18 Feb Super Bowl Party Etiquette at Work
A post from our editor who recently went to a Super Bowl Party
Another Super Bowl has been and gone. Philadelphia is cleaning up from its celebratory chaos (fly, Eagles, fly!), chatter about all the cool commercials is dying down, and football fans all over the nation are turning to other interests (like the Olympics!). And I have a confession to make.
I don’t know much about, nor do I care much about, football.
Yes, I’ve been editing sports related articles for Eric for years, now, and I really like my job. One of the great things about being an editor is I get to learn things I might not otherwise get to pay attention to. Seeing football, or any of the other sports I don’t follow, through Eric’s eyes is a lot of fun. But the fact remains that when I find myself watching a game with friends or family, I basically don’t know what’s going on.
I’m not the only one. Lots of people don’t know about, or follow, sports. And on Super Bowl Sunday, many of us found ourselves at Super Bowl parties anyway. Perhaps no other single event brings so many knowledgeable and passionate people together with other people who know nothing about the subject at hand.
Contact between the knowledgeable and the knowledge-less is hardly unusual, though. Maybe it’s a training event. Maybe it’s a meeting with a potential client or a potential investor. Maybe it’s a call to a different department or a different business about some shared project. Maybe it’s an office party where everybody is the same kind of self-described geek but you.
Whatever the reason, either you are trying to engage with people who don’t know (and maybe don’t care) what you’re talking about, or you are trying to make sense of, and maybe enjoy or make important decisions about some topic that everybody understands but you.

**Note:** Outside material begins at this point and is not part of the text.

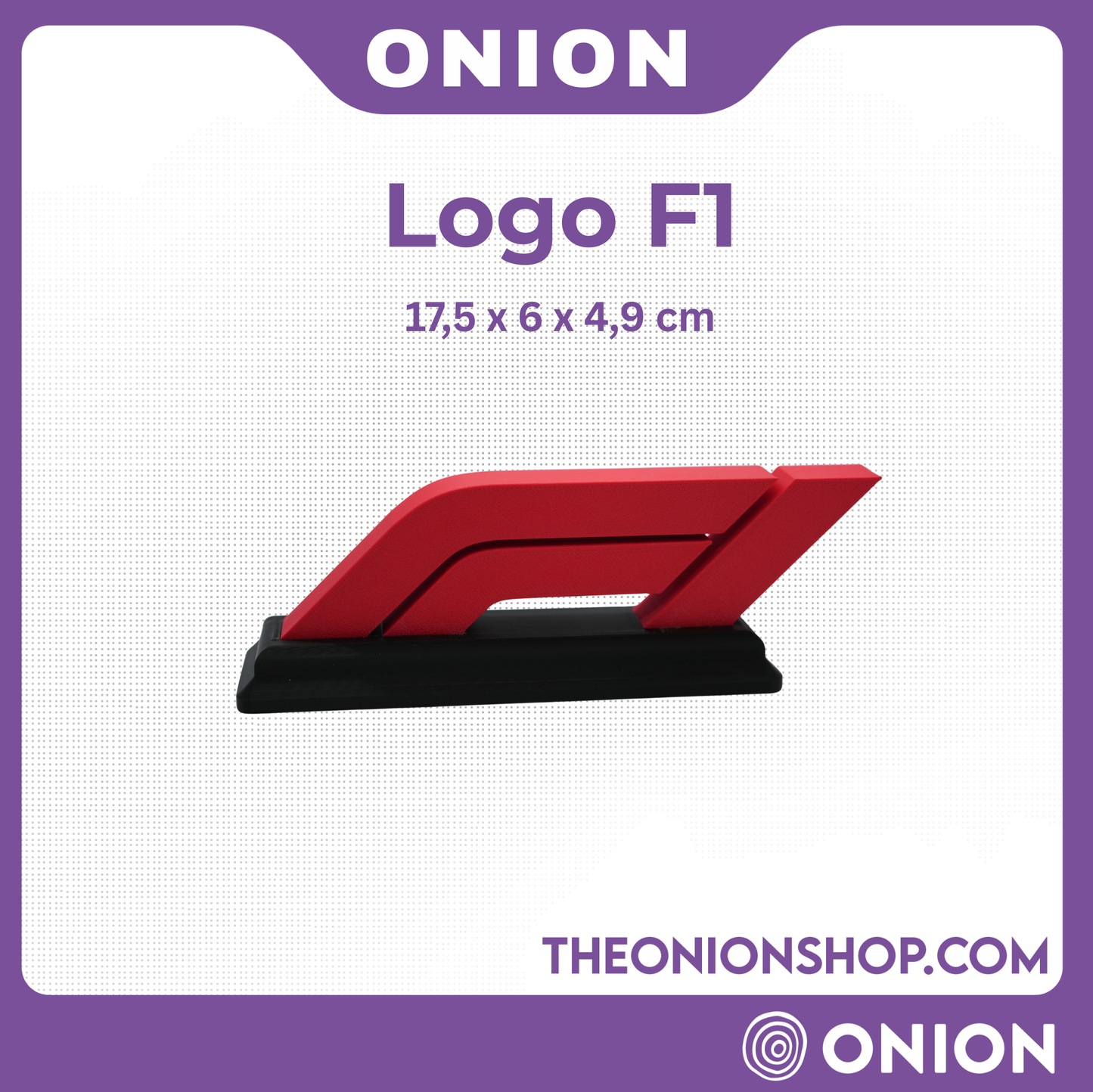 Logo F1 in 3D trang trí để bàn, sưu tầm dành cho Fan F1 chính hiệu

Let’s see how much “Super Bowl party etiquette” might apply to other contexts:
For the Fans at the Party
If you find yourself at a Super Bowl party as a super-fan, go ahead and enjoy the game, but make sure your non-fan friends have a good time, too. Have non-football-related activities available (including normal, non-sports conversation) and look for ways to get your friends involved in the game. For example, you could place friendly wagers on whether anyone does a touchdown dance, or some other aspect that a person doesn’t have to know anything about football to notice. You can also explain the basics of the game, but don’t slide over into show-off mode. If someone seems lost or out of place, check in with them.
Basically, pay attention to how the party seems from the perspective of the non-fans. Don’t just make them feel welcome, make sure they are welcome. Take their needs and interests seriously.
If instead of a Super Bowl party you are pitching an idea at a meeting of investors, offering alternative games might not be an option, but you still have to look at the event from the other’s viewpoint. You might think your new business venture is six different types of fascinating and the best thing since sliced bread, but your prospective investors (or trainees, or those folks from the IT department) don’t see it your way. Your job is to help them see it, and to do so without acting like you’re the smartest person in the room. You still have to remember that these people have their own interests and expertise and that their perspective is just as important as yours.
For the Non-Fans at the Party
If you find yourself at a Super Bowl party, but you’re not sure what a quarterback is actually a quarter of, your challenge is not just to enjoy yourself, but also to be a gracious party-goer. Don’t act like your immunity to sports addiction makes you superior. Conversely, don’t act like the fans owe you explanations of everything—they came to watch football, not teach it. If you really can’t get into the game at all, watch the fans (they’re usually pretty amusing) and the commercials, but football’s basics are actually pretty easy to follow. Where the teams are on the field and which direction they’re moving, plus the score itself, is enough to give you the outlines of the plot.
The point to remember is that this is a football party, and even if football isn’t usually your thing, you can keep an open mind and enjoy it this once.
If you’re in some kind of professional setting, rather than a football party, you probably won’t be tempted to roll your eyes, act superior, or just check out. But you might make the mistake of thinking that a business plan or a training program is unimportant just because it doesn’t grab you personally. Take your cue from the fans on this one; if someone else is excited or concerned or fascinated and you’re not, maybe they’re seeing something you don’t. Let them show you what it is.
In almost any situation, there are going to be some people who know a lot and are very interested, and other people who are less interested and less knowledgeable. No matter which category you find yourself in, the key is to consider how things look from the other perspective.
Be real, be kind to others, and ask them questions. It’s not all about you.